Retired army Lt. Col. Robert Brown is editor and publisher of Soldier of Fortune Magazine. It reports on what it calls “news and adventure.” The magazine’s editorial policy is stated as pro-military, pro-strong U.S. defense, pro-police and pro-veteran.
Brown says Mr. Gadhafi has a history of using mercenaries.
“You’ve had Gadhafi employing mercenaries way back in the late 70s, when he had Americans, when he had employed two notorious individuals – Frank Terpil and Ed Wilson - who served as advisors to him. And they had brought in a number under false pretenses, I do believe, Americans that had been discharged, or some which were actually on active duty taking leave working for him. It became quite a scandal back then. So, it’s not something unusual,” he says.

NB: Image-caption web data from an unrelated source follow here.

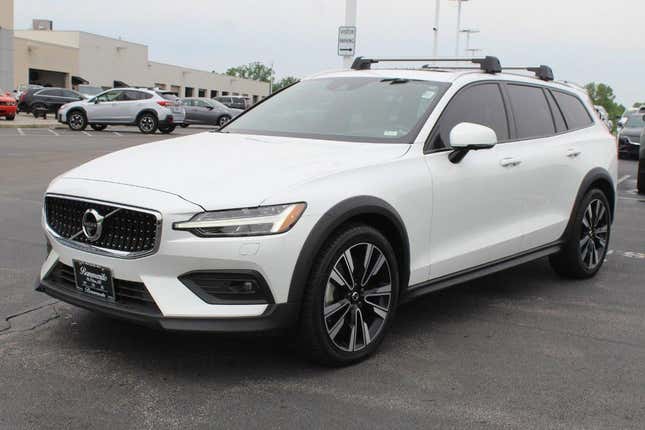 Image for article titled I Don't Like Driving So I Need a Car That Makes it Pleasant! What Should I Buy?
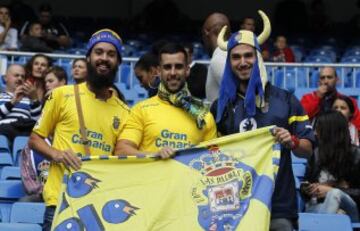 Comienzo del partido entre el Real Madrid y Las Palmas en el Santiago Bernabeu. Aficionados.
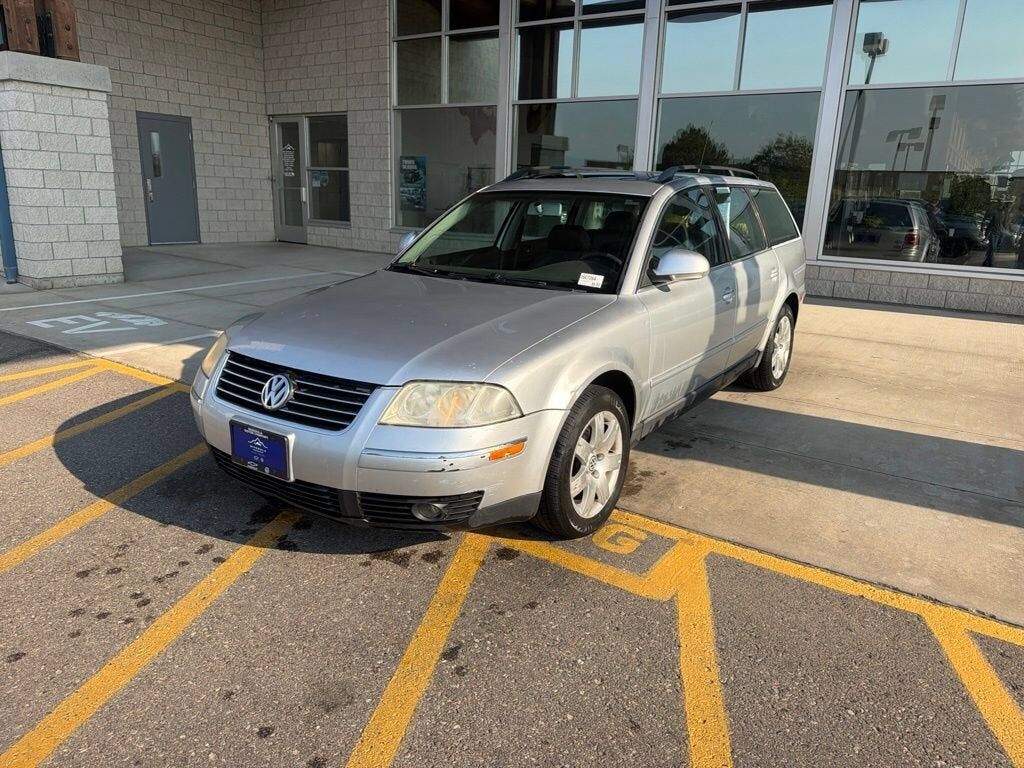 2005 VOLKSWAGEN Passat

Both Terpil and Wilson were former CIA agents accused of many crimes, including illegal arms dealing.
Not all mercenaries alike
Brown says mercenaries are easy to be found in Africa.
“Africa is a very open ground, if you will, for recruiting. You had a lot of your South African soldiers, after the apartheid government fell, serving in Executive Outcomes, which actually did a very good job in suppressing the RUF (Revolutionary United Front) in Sierra Leone. You had a lot of Chadians I think that are now with Gadhafi’s forces,” he says.
Brown says mercenaries can be motivated by any number of things to fight, including adventure and especially money. But he says not all mercenaries are alike.
“Well, it’s hard to say what their level of training is,” he says, “whether they’re just thugs that can go around and beat people as an irregular force or whether they’ve been trained. This I don’t think anybody knows. And certainly their effectiveness is going to be predicated on what type of training they have and what their capabilities are. Certainly, it doesn’t take a great deal of training to go around and beat civilians or shoot civilians.”
He says they do know that if they are caught by the opposition that their lives are at stake. And if reports from Libya are true, suspected mercenaries have not been treated kindly.
He says there can be a big difference between those called mercenaries and those called contractors, like those we’ve seen in Iraq working on behalf of the U.S.
Brown says, “People that Gadhafi has certainly don’t have the training or the capabilities as the people who’ve been hired as contractors. Because whether you approve or disapprove of contractors, it’s been my experience that these people for the most part are very well trained, or they wouldn’t be hired.”
Robert Brown has been the editor of Soldier of Fortune Magazine since its founding 35 years ago.